Sunday, April 17, 2011

A million little stitches

Like with any project, before I began the Whisper Cardigan I looked through the projects on Ravelry to make sure it was possible to recreate the garment in real life. Frequently, it appears to be difficult for the average person to follow a pattern and end up with anything remotely like what was pictured. Or it’s possible, but looks terrible on people not shaped like the model in the photo.

Usually I also look for comments on how pleasant, or torturous, the pattern is to work on. For instance, are you required to pick up approximately 4,367 stitches along an edge?

I mention this because it has become obvious to me that I did NOT look for such comments this time. And last week I had to pick up approximately 4,367 stitches around the opening of the damn thing.

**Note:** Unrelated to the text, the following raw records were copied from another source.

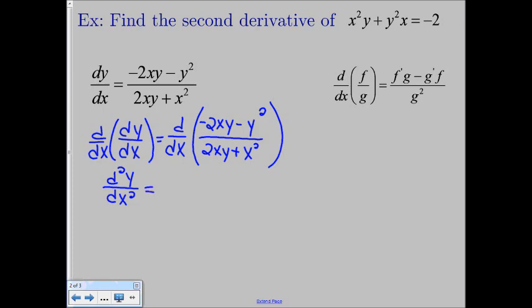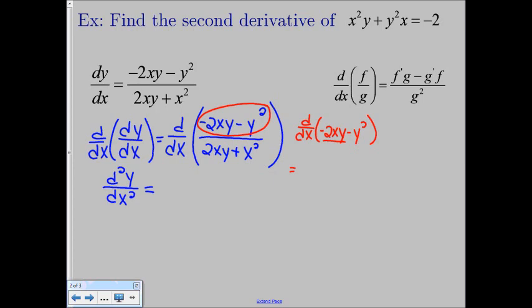Now we're going to have to plug into our quotient rule. To make things a little easier, let's go off to the side and find the derivative of both the numerator and the denominator of our first derivative. Let this red color be the derivative of the top. When we take the derivative of negative 2xy minus y squared, we have to first employ the product rule because we have negative 2x times y. The product rule gives us the derivative of negative 2x, which is negative 2, times y, plus negative 2x times the derivative of y, which is dy/dx. Then we have minus the derivative of y squared: first the power rule gives negative 2y, then the chain rule multiplies by dy/dx.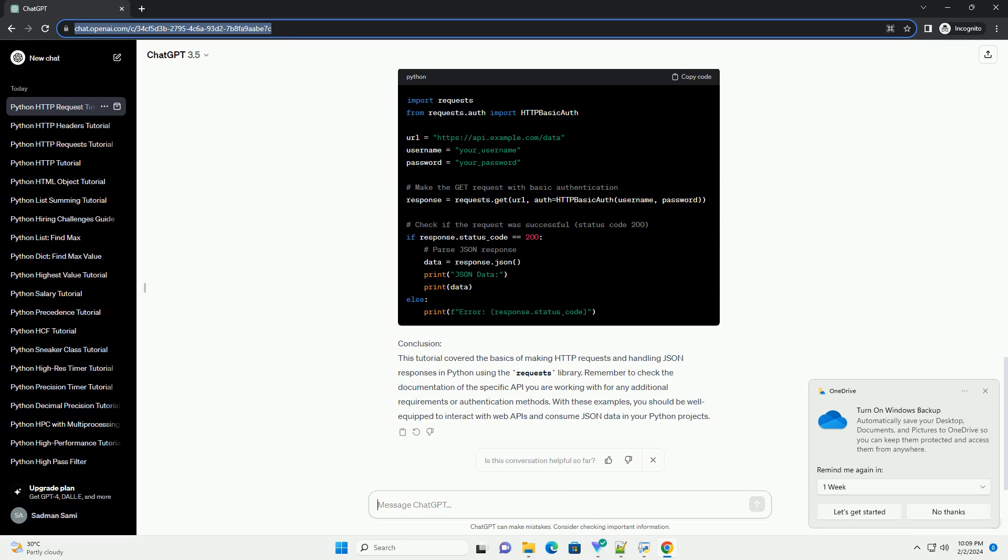In this example, we use the JSON placeholder API to retrieve a sample todo item. The response.json method is used to parse the JSON data received from the server.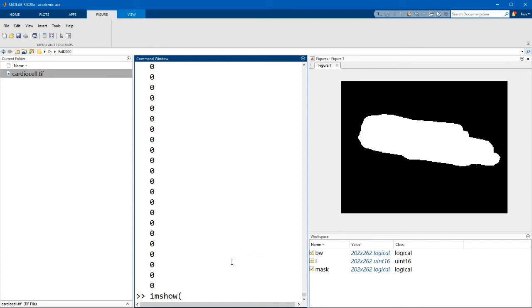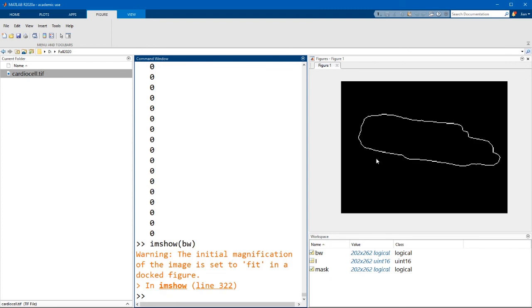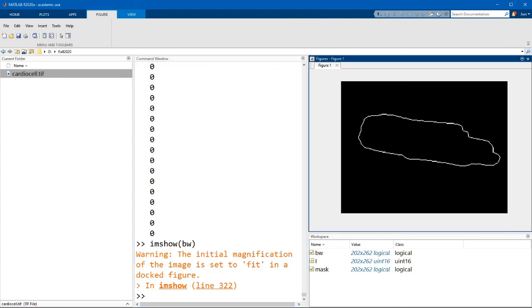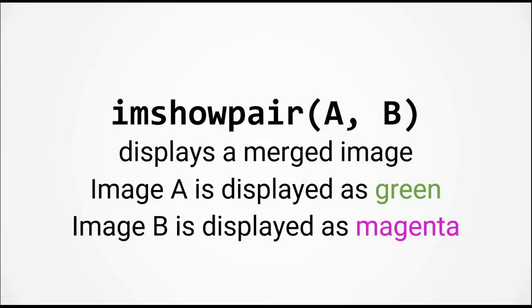Now if I display what this image is, you can see that it contains just the perimeter of the object. Now to display both the original image and this perimeter image, we're going to use the function imshowpair.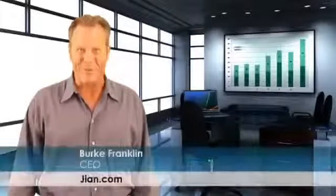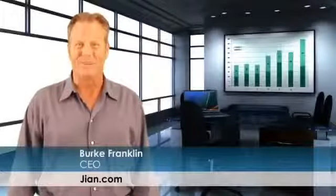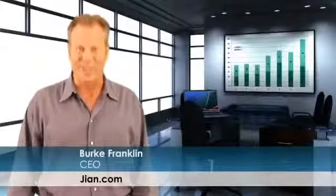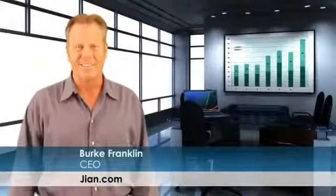Hi, my name is Burke Franklin. I'm the author of Business Black Belt. I'm the developer of BizPlanBuilder Business Planning Software.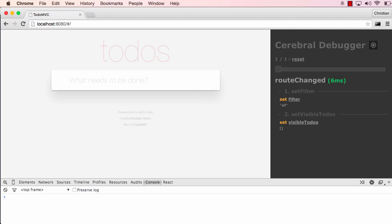Hello there! I'm going to show you the Cerebral Debugger. As we can see here, I have loaded up the todos app on todomvc.com, only running with Cerebral code, and on the right side we see the debugger.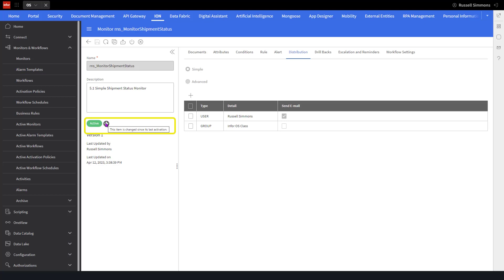So at this point, to apply those changes, I want to go ahead and click on the activate icon. The tooltip is going to pop up and tell us reactivate. So I click on the reactivate button.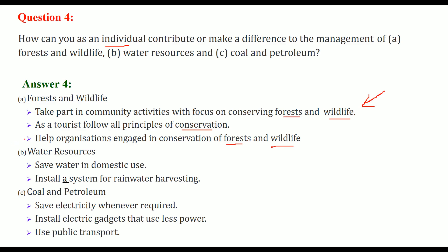For water resources, always use water judiciously in domestic use. You can also install a system for rainwater harvesting. For coal and petroleum, save electricity wherever required. Always install electrical gadgets with 5 or 6 star power ratings, meaning they use less power. Try to use public transport, because this will decrease the use of coal and petroleum products.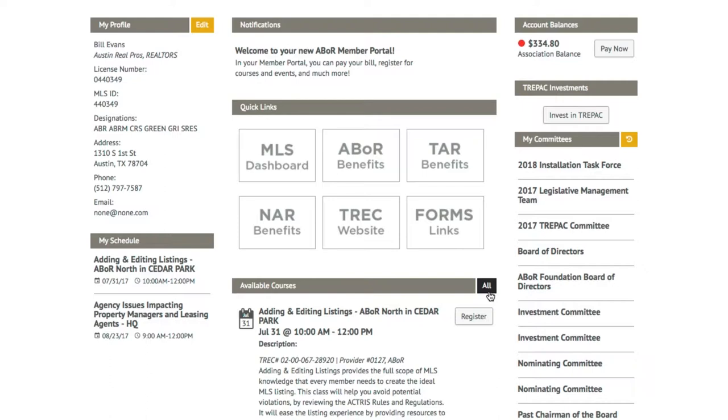You can also see what committees you are a part of. And, of course, you can access the MLS and your other member benefits through your quick links.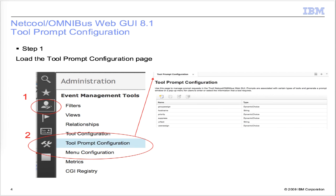Step 1 is to load the Tool Prompt Configuration page. Click on the admin icon, then click Tool Prompt Configuration.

Had I read through the pattern before starting (a lesson that is apparently impossible for me to learn) I would have realized that the construction is a little different from what I’ve been telling everyone within earshot. I was under the mistaken impression that I knit the side-to-side shrug portion (sleeve, upper back, second sleeve) and then pick up stitches just along the back and work downward. In fact, after knitting that top shrug-like part, I had to pick up stitches around the entire opening. Some will be knit downward for the back as expected, but the rest form a band around the whole neckline and armhole area.

I was so surprised by this development that after spending the afternoon bent over my project in the manner of a Dickensian factory worker, I looked again at the Ravelry projects for overlooked warning signs. One of the first comments I saw regarding the picked up stitches was “I imagine it’s how the Egyptian slaves would’ve felt if told they had to build the pyramids out of field stones.” Yeah, missed that one the first time.

But maybe it’s a good thing that I was oblivious. Surely I would have foregone the entire project had I known about this and I’m really pleased with how it’s coming out. The edging really makes the cardigan look structured and pretty.

You can't tell from this photo, but take my word for it.